Tips for talking to Children about Alzheimer’s Disease

Alzheimer’s disease is a complicated and often intimidating one that can leave the most educated minds racing with questions. Therefore it’s no surprise that children may struggle with this particularly as it can be a lot to take in and understand.

We’ve put together some tips for dealing with this illness and talking to your children about it to hopefully make those tough discussions a little easier for them and for you. 

Try and keep things as simple as possible
Obviously depending on the age of your child, you will no doubt go into a different level of detail with them regarding the illness, what it is and what it entails. Don’t be afraid to keep things simple if you are struggling to explain and just tell them how it affects your loved one, rather than the science of it (though if they do ask further, it can be great for them to go into further detail). 
Be visual and use illustration examples
Explaining to your children what Alzheimer’s disease is can be made a lot easier if you can find useful visual tools and aids to illustrate it more clearly to them, as children thrive from visual examples.

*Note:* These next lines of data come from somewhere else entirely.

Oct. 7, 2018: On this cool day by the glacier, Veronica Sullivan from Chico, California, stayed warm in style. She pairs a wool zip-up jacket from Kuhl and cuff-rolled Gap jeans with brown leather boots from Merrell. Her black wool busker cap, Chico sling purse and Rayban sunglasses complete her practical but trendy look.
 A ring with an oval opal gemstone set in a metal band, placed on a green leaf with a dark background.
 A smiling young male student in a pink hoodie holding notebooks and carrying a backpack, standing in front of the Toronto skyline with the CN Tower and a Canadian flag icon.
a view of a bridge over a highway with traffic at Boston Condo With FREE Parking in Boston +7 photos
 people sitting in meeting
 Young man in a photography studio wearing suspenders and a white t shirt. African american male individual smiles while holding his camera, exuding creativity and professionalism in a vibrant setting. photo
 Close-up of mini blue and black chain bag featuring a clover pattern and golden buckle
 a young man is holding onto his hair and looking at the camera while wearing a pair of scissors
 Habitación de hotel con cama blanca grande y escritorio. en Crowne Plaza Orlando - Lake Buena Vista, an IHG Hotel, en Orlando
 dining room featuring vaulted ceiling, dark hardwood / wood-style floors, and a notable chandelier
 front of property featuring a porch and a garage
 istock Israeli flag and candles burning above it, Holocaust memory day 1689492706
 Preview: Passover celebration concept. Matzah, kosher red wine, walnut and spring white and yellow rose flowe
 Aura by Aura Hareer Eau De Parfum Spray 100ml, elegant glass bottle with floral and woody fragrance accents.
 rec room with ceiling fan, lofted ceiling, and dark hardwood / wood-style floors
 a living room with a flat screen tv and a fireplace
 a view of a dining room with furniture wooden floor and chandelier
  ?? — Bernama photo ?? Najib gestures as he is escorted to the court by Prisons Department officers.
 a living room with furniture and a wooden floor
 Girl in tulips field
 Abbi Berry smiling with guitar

There’s a fantastic image here which signifies memory loss and can spark a really interesting conversation with your little ones. 
Involve the person’s caregiver to offer extra info and advice
If your loved one with Alzheimer’s disease has assisted living with Extra Care at Home or other great companies, it may be a really good idea to ask the caregiver for their advice when talking to children about the illness as they’re likely to have dealt with those issues in the past. They may even be willing to talk to the child or children themselves too which can provide a good insight. 
Encourage them to ask questions
They’ll no doubt have lots of questions along the way at various points, and it’s important that they feel comfortable enough to be able to voice them. This is another good way to avoid social faux pas or general slightly awkward moments which of course they won’t intend to create but are sometimes inevitable, especially with a topic like this.
Aim to keep the relationship between them going
It can often be quite tempting to refrain from taking your child to visit someone with an illness as complex as Alzheimer’s but you shouldn’t be tempted to give up and end the relationship. In fact, keeping the relationship as constant and similar as it always was can actually be a real comfort to the child and will help them learn a lot, too. 
Help them if they feel frustrated
They’re likely to struggle with the situation just as much as you, especially as they may not understand exactly what is going on, regardless of how many times you explain it to them. Remaining as calm as possible and being there for them when they are feeling particularly frustrated is really important.